I thought Arcanicity was an album by The Police, but it turns out that it’s a measure of the complexity of the words that high-tech vendors use in their marketing. As I mentioned in my last post, I’ve produced an Acanicity Index. This is a readability index that looks to estimate the amount of domain-specific or technical knowledge a reader needs to posses in order to understand a piece of text. Well here’s a little bit more detail…
I’ve been posting recently about my desire to rate the readability of high-tech vendors’ marketing copy. There are many existing readability indexes. Each of which looks to calculate the ease at which the structure of the sentences/words can be comprehended. But none that I’ve found tries to gauge how technically difficult it is to understand the concepts contained within the text.

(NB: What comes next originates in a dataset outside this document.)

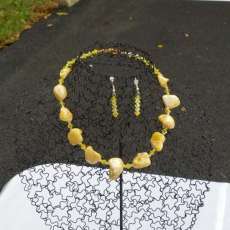 Necklace - Dyed yellow mother-of-pearl, yellow/clear austrian crystals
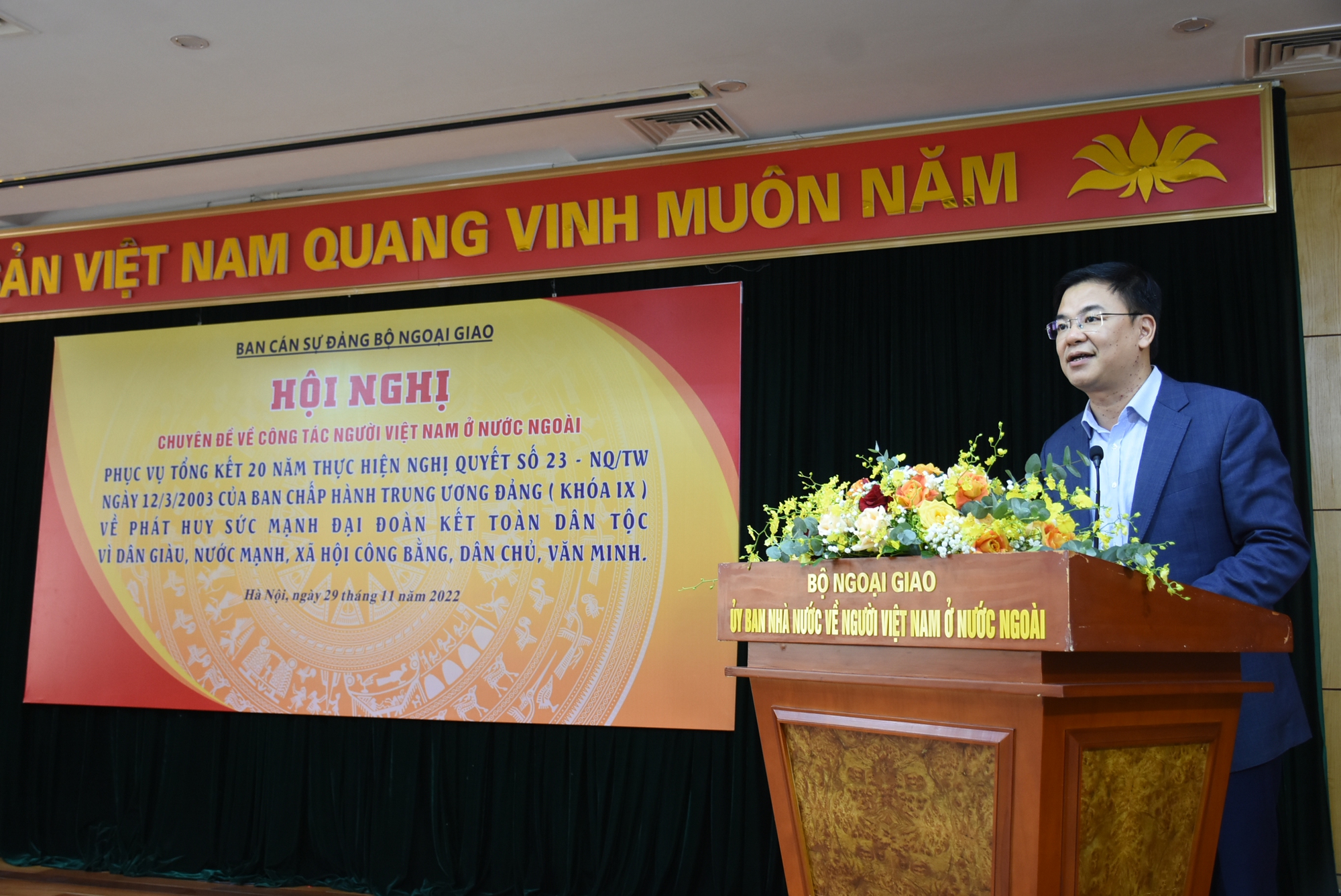 Gỡ khó để kiều bào đóng góp nhiều hơn cho quê hương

I’m interested in this because as part of project REPAMATron, I want to be able to compare various vendors’ marketing copy. It also gives me an insight in to what audience strata (IT Technical, IT Business or Business) a vendor is targetting. Anyway, I’ve settled on a calculation that seems to hit all of the design criteria I set for a readability index that takes into account the level of domain knowledge required to interpret text.
And here it is…
Let me explain how I got to this first draft and exactly what that calculation means
But first let me recap on the issue I am looking to address. If, during the course of my analysis I were to find the following text on a vendor’s web site, product PDF or PowerPoint presentation…
ACME’s IJK-compliant WooshBang product provides developers with an integrated IDE for developing RTY, JKL and ERT applications. ASDF support is provided through a plugin which also serves as a POL generator. Developers that previously used NMB or XCV will find the environment totally familiar to them. Security is enhanced through the addition of RTY scripts which when used in conjunction with the POL generator ensures unauthorised access is not allowed. Finally, upgrading from previous versions of WhooshBang is simple. Just install the new version and old UIO repositories will be upgraded automatically.
…I might come to the conclusion that the text is pretty much impenetrable. Because whilst it’s relatively simple to interpret the physical structure of the text, unless the reader understands those acronyms, the meaning of the text remains hidden. And before you rush out to buy a WhooshBang, I’m sorry to disappoint you but it’s fictional.
But just how difficult is it to understand that text? Is it aimed solely at an audience with the domain knowledge to be able to understand it? Does the vendor, ACME in this case, realise that they are excluding readers from understanding the content of their web site? And is the text any more or less difficult to understand than text used by ACME’s major competitors? Well these are the questions I am looking to my Arcanicity Index to answer.
How might we calculate the degree of arcane content in a text like this? Well, let’s look at some general text statistics from the text above and see if we can identify some metrics we could use.
General Text Statistics
These statistics give a good indication as to the complexity of the structure of the text itself. These are the metrics used by traditional reading indexes such as Flesch-Kincaid, Gunning-Fog, Coleman-Liau, etc.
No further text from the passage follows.